Harina de trigo sarraceno
Esta harina tiene un sabor propio bastante intenso. Presenta un aroma marcado a frutos secos y ligeramente amargo, por lo que no suele utilizarse como única harina. Se cuenta entre las harinas integrales sin gluten y es muy rica en proteínas. Por ello, esta harina resulta especialmente adecuada para la repostería. Sin embargo, lo mejor es mezclarla con harina de arroz o de maíz.
Harina de mijo
Se muele a partir del grano de mijo y tiene casi el mismo contenido en proteínas que el trigo, por lo que resulta muy adecuado para las mezclas para pan. Lamentablemente, esta harina no tiene un buen poder aglutinante, por lo que solo debería utilizarse como ingrediente complementario. La harina de mijo tiene una consistencia pulverulenta y un sabor ligeramente dulce y suave. Aporta sobre todo al pan y a las magdalenas una textura desmenuzable, por lo que resulta muy adecuada para la elaboración de pan.

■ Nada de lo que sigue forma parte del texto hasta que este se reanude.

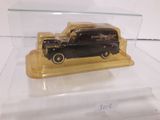 a black car in a clear case on a white surface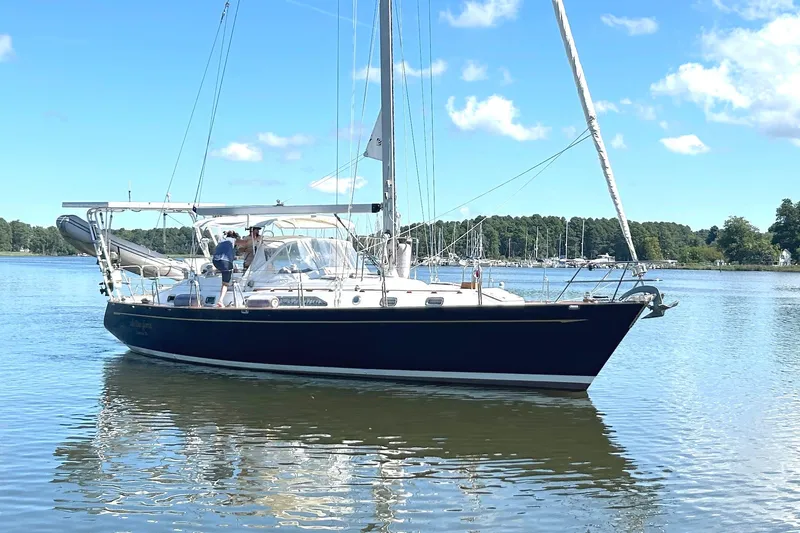  Yacht Photos Pics Sailing yacht Tayana 48, 1995 model, on calm waters under a clear blue sky.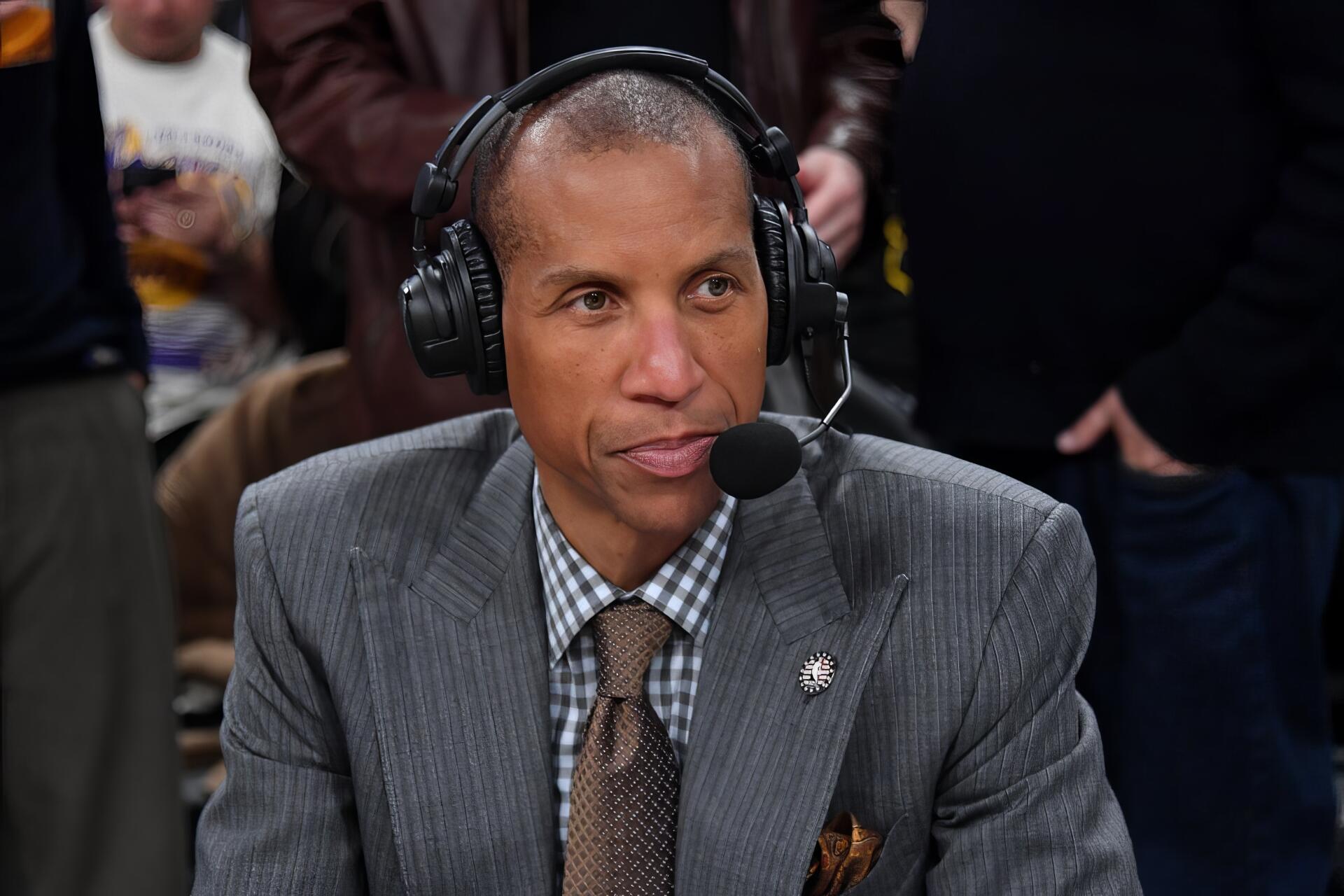 HD PC desktop wallpaper of Reggie Miller wearing a suit and headset, speaking during a broadcast with a blurred crowd in the background.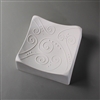 A square white ceramic mold for fusing glass on a grey background. Each corner of the square curves slightly upwards. The mold has been carved with several swirling lines and small dot accents.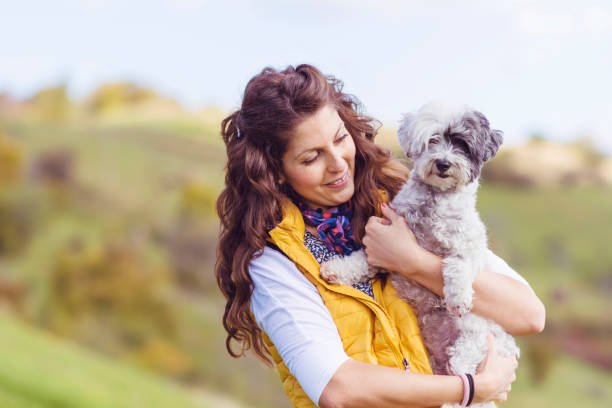 istock Woman hugging her havanese dog outdoor 2003408718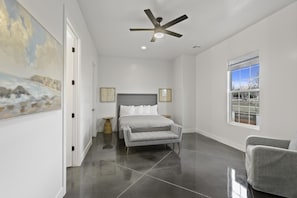 A bedroom with a bed, a grey sofa, a ceiling fan, a window with a view, and a painting on the wall. - Brand New Home! Roof Top Deck, Games for everyone, Private Pool (Hurricane)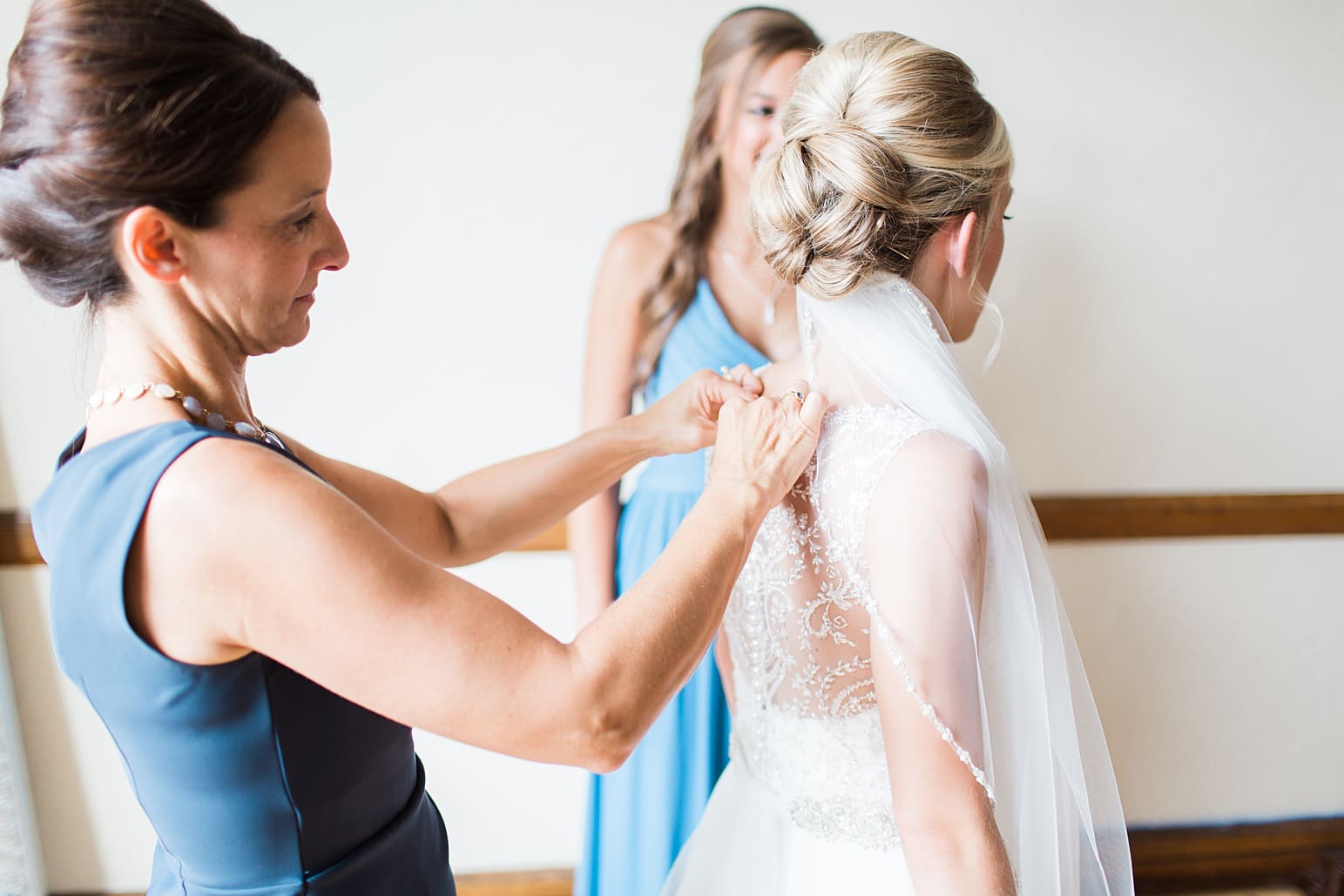 Arielle Peters Photography | Bridesmaids helping bride get ready on wedding day at the Spohn Ballroom in Goshen, Indiana.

Harina de semillas de lino
Las semillas de lino se consideran muy nutritivas y saludables. Son una excelente fuente de ácidos grasos omega-3 y fibra. La harina tiene un sabor a frutos secos. Es ideal para pan, tortitas, magdalenas o incluso galletas. También se puede utilizar como sustituto del huevo
: 1 cucharada de semillas de lino y 3 cucharadas de agua sustituyen así a 1 huevo.
Harina de maíz
Se muele a partir de granos de maíz secos. Esta harina amarilla aporta color a la masa y es especialmente adecuada para preparar tortillas de maíz o pan de maíz.
Harina de quinoa
Se muele a partir de las semillas de la popular planta de la quinua, considerada un superalimento; es muy nutritiva y saludable, y constituye una excelente fuente de proteínas vegetales. Los granos de quinua tienen un sabor que recuerda al de los frutos secos, mientras que la harina presenta una textura gruesa y un sabor ligeramente amargo con notas de frutos secos. Los productos de panadería adquieren mayor humedad al mezclarla con otras harinas. Tiene un sabor salado, por lo que resulta ideal para productos de panadería salados como el pan, la pizza y la bollería. La quinoa es una buena alternativa a la avena y al cuscús.
Harina de teff
El teff, también conocido como «mijo enano», es una especie vegetal perteneciente a la familia de las gramíneas. Las semillas se muelen para obtener harina de teff y tienen un color marrón oscuro. Su sabor es suave, con notas a frutos secos y casi ligeramente dulce. La harina de teff adquiere una consistencia gelatinosa al hornearla, lo que ayuda a ligar los productos de panadería y les aporta humedad. Por ello, es ideal para elaborar pan y gofres.
Chiamehl
Las semillas de esta planta, originaria de México y cultivada en muchos países de América Latina, pueden consumirse crudas o secas, o añadirse a bebidas. La harina se elabora a partir de las conocidas semillas de chía, que son muy nutritivas y contienen ácidos grasos omega-3, fibra, calcio y proteínas. La harina de chía también se puede utilizar como sustituto del huevo.
Harina de garbanzos
Se obtiene moliendo garbanzos pelados o tostados y tiene también un sabor ligeramente a frutos secos y harinoso. Dado que es un espesante muy eficaz, se utiliza principalmente para elaborar hummus, salsas y guisos. La harina de garbanzos es nutritiva, contiene hidratos de carbono y es muy rica en proteínas.
Harina de soja
Deja un regusto inconfundible, similar al de la harina de trigo sarraceno o de teff, con un ligero toque a frutos secos. Por lo general, se mezcla con otros tipos de harina. La harina de soja combina bien con la harina de tapioca. Se utiliza a menudo como espesante o potenciador del sabor. La harina de soja tiene un alto contenido en grasa, puede volverse rancia rápidamente y, por lo tanto, debe conservarse en un lugar fresco y oscuro.